* [ASSIGNED TASK]: From the first line of the listing, copy each line exactly until you have included the line with "Old_Feller Foldable Plastic"; leave out the pictures.
<<<<
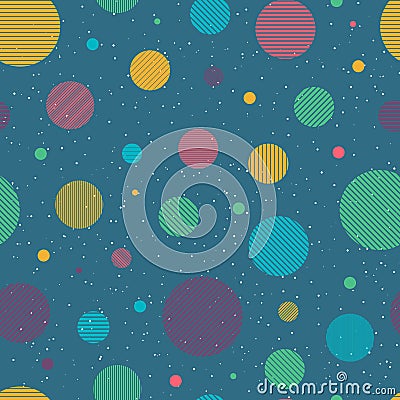 Abstract stylish multicolored circles seamless pattern. Circles are formed by stripes. Vertical, horizontal and diagonal stripes Stock Photo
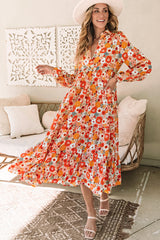 Multicolor Boho Floral Collared Long Sleeve Ruffled Dress Multicolor 100%Polyester Floral Dresses JT's Designer Fashion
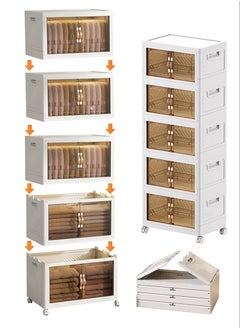 Old_Feller Foldable Plastic Storage Box 5 layers With Wheels and Doors,XLarge Storage Bin with Lid Organizers Stackable Storage Bins, Closet Organizers Double Door Magnetic with Universal Pulley  - Image 1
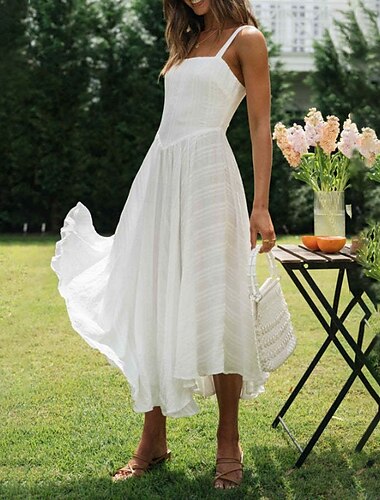  Per donna Abito Midi Abito Bianco Abito da laurea Abito Sottoveste Moda Compleanno Ferie Data Vestibilità regolare Semplice Senza Maniche Spalline sottili Bianco Estate
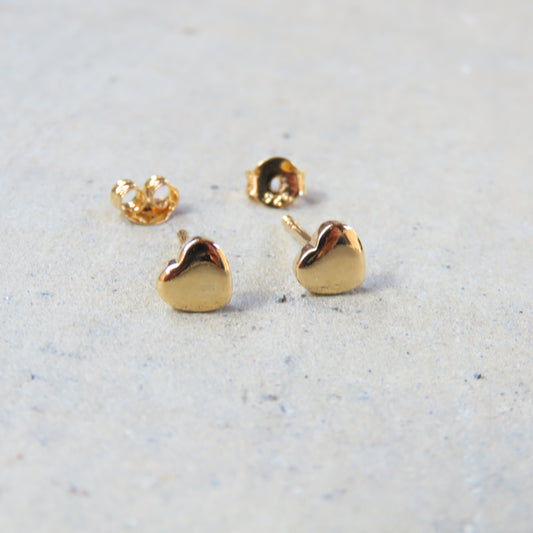 Abstract Studs: Gold Hearts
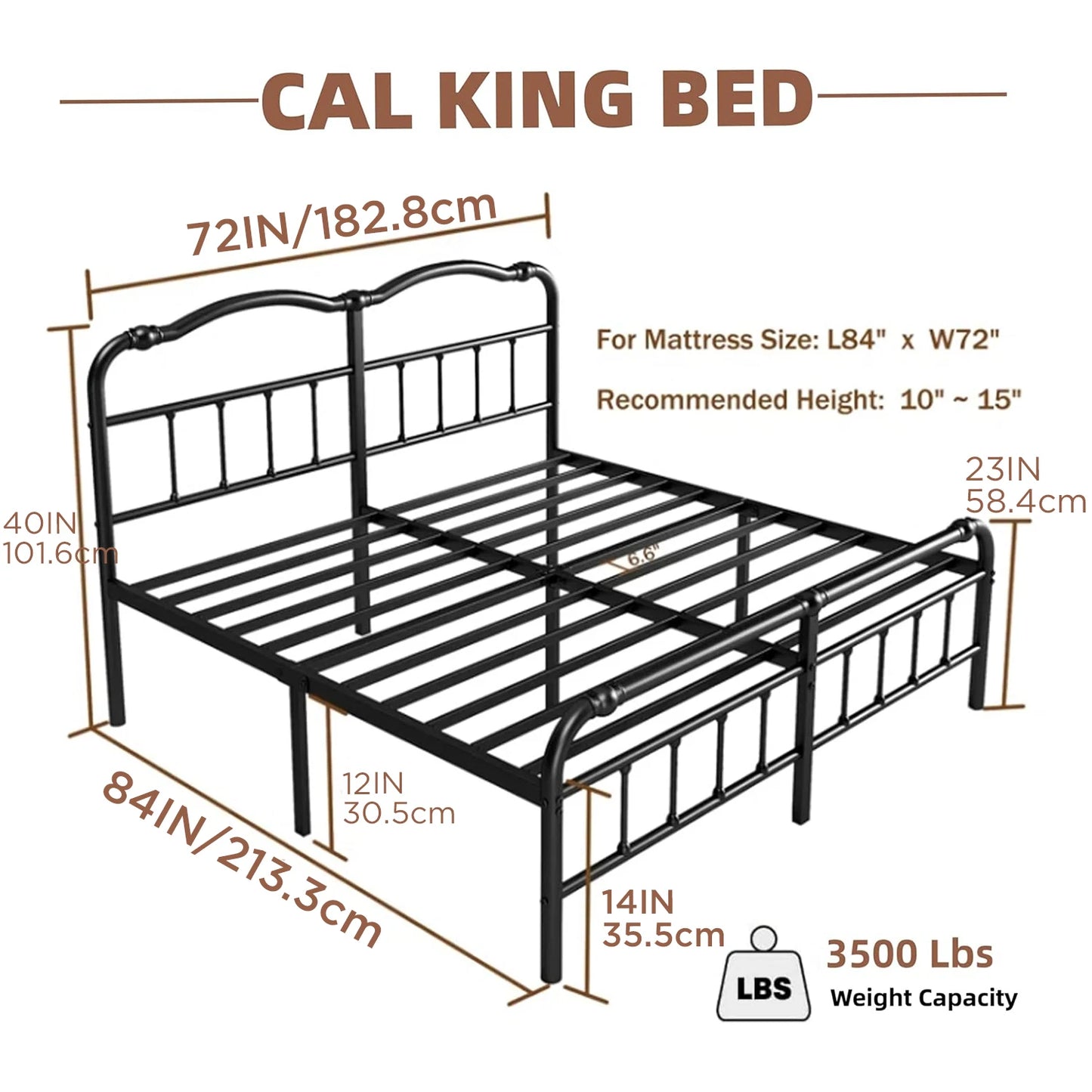 ZIYOO bed frame queen size 14 Inch Metal Queen Bed Frame- Full Size Bedstead King Platform Easy Assembly, Noise Free, Black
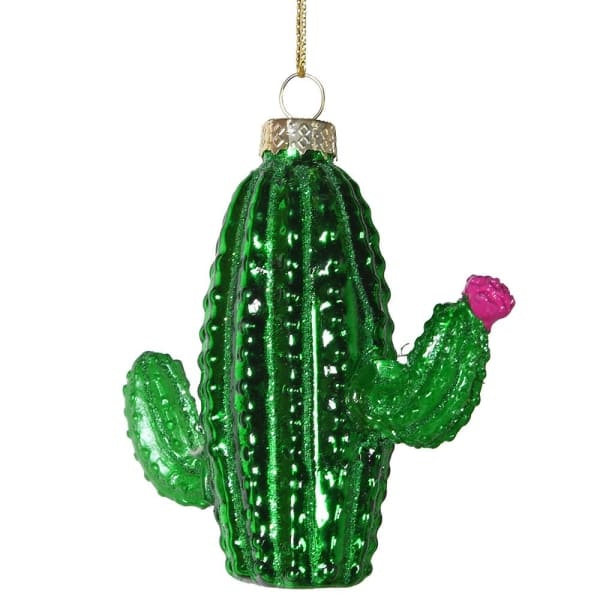 Green Glass Cactus Bauble by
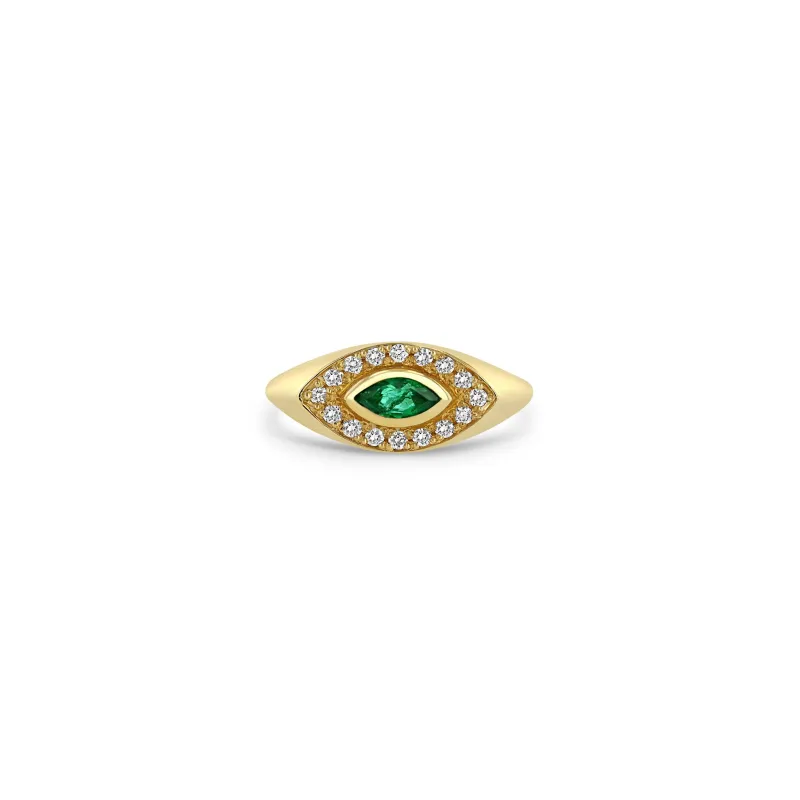 14k Marquise Emerald & Diamond Halo Signet Ring sold by Zoe Chicco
>>>>
* [TASK OUTPUT]:
 Abstract stylish multicolored circles seamless pattern. Circles are formed by stripes. Vertical, horizontal and diagonal stripes Stock Photo
 Multicolor Boho Floral Collared Long Sleeve Ruffled Dress Multicolor 100%Polyester Floral Dresses JT's Designer Fashion
 Old_Feller Foldable Plastic Storage Box 5 layers With Wheels and Doors,XLarge Storage Bin with Lid Organizers Stackable Storage Bins, Closet Organizers Double Door Magnetic with Universal Pulley  - Image 1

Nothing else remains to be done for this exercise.